Unlike most gases, acetylene storage is a challenge because of its inherent pressure sensitivity. Herein, a square lattice (sql) coordination network [Cu(4,4'-bipyridine)(2)(BF4)(2)](n) (sql-1-Cu-BF4) is investigated with respect to its C2H2 sorption behavior from 189 to 298 K. The C2H2 sorption studies revealed that sql-1-Cu-BF4 exhibits multistep isotherms that are temperature-dependent and consistent with the transformation from closed (nonporous) to four open (porous) phases induced by the C2H2 uptake. The Clausius-Clapeyron equation was used to calculate the performance of sql-1-Cu-BF4 for C2H2 storage at pressures >1 bar, which revealed that its volumetric working capacity at 288 K is slightly superior to acetone (174 vs 170 cm(3) cm(-3)) over a safer pressure range (1-3.5 vs 1-15 bar).

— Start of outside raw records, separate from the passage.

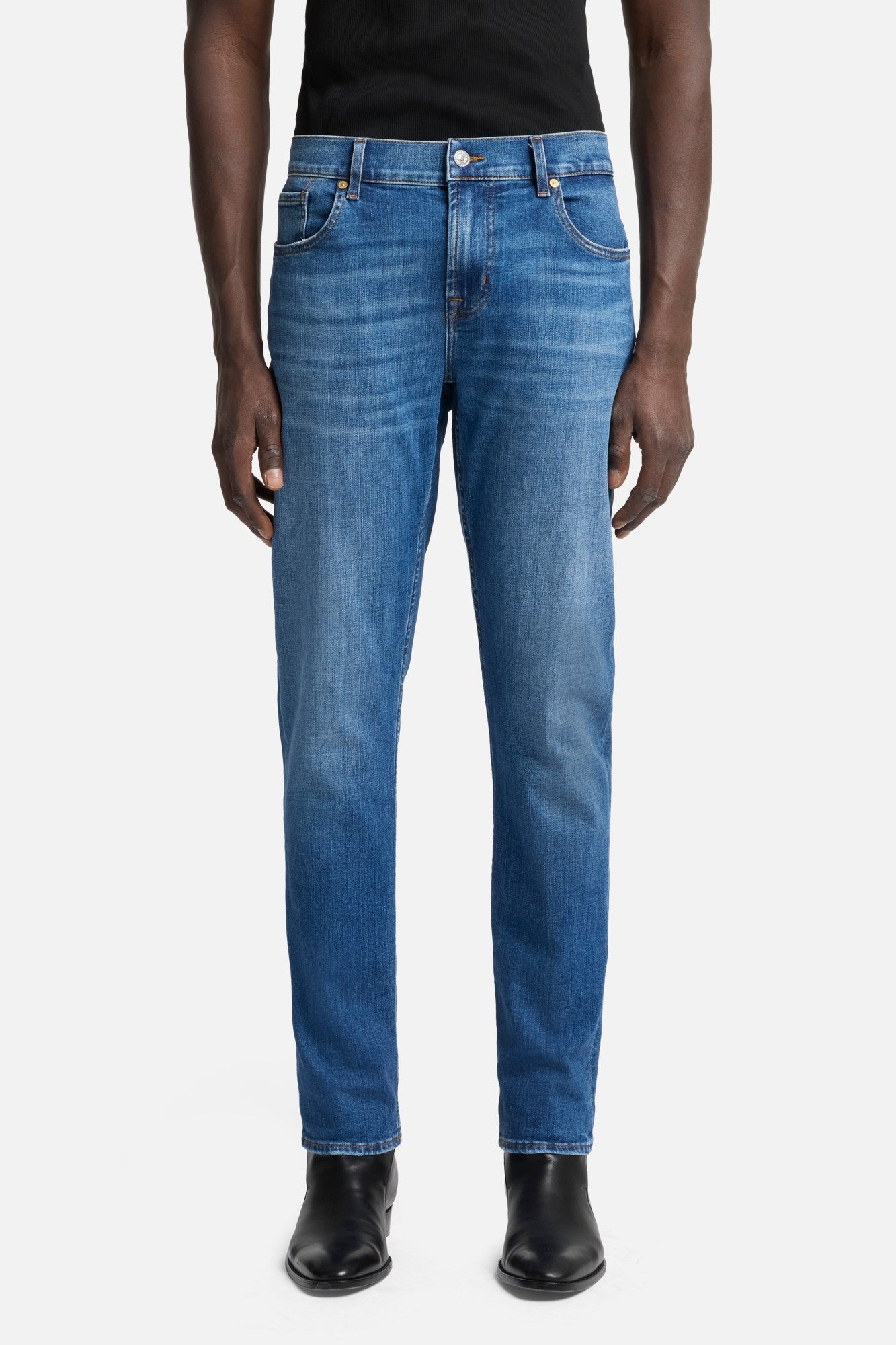7-for-all-mankind-luxe-performance-slimmy-tapered-vernon-herren image 3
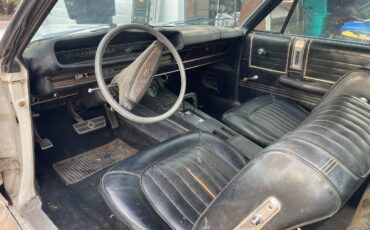 Ford-galaxie-1968-yellow-5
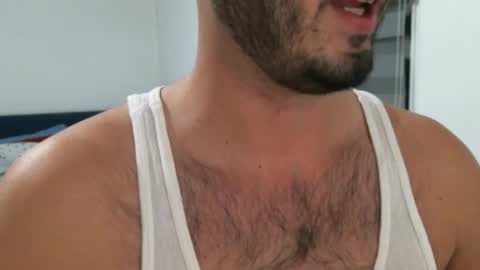 Andy online show from 01.14.26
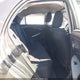 2T1BU4EE6CC757908 2012 Toyota Corolla S auction photo thumbnail 8
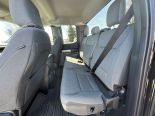 New 2025 Ford F-150 XLT 4x4 SuperCab 6.5' Box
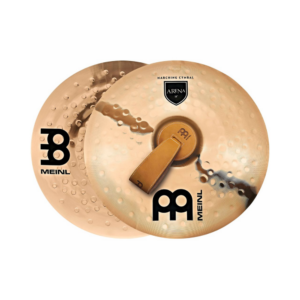 MEINL – MA-AR-16 Platillos Banda Arena 16″ incl br5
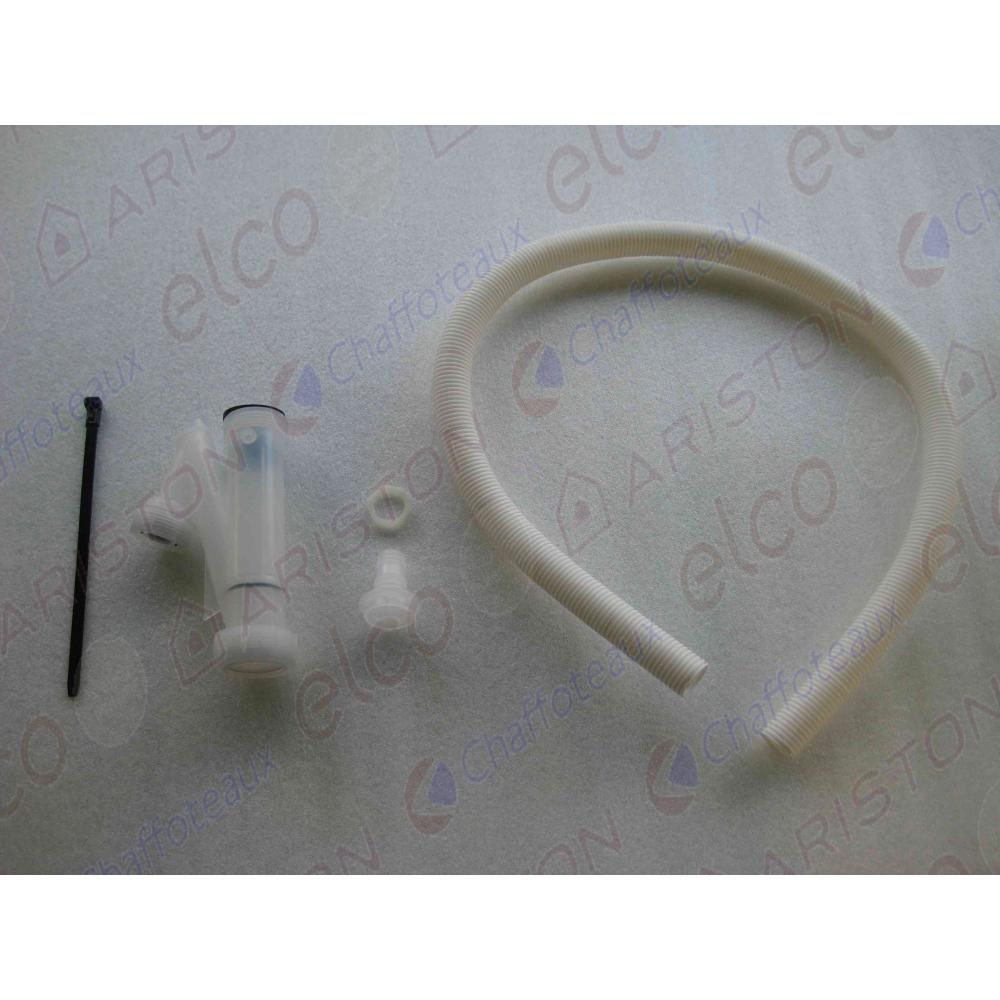 Сифон Ariston 64201689
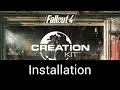 Fallout 4 Graphics Mod Makes The Wasteland Look Fantastic Fo4 Geck
Download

Molecular simulations provided insights into the observed switching phenomena, revealing that the layer expansion of sql-1-Cu-BF4 occurs via intercalation and inclusion of C2H2. These results indicate that switching adsorbent layered materials offer promise for utility in the context of C2H2 storage and delivery.

Automated summary

The study explores the C2H2 sorption behavior of a square lattice coordination network and reveals temperature-dependent multistep isotherms. Results show that the material exhibits promising performance for C2H2 storage with high volumetric working capacity and a safe pressure range.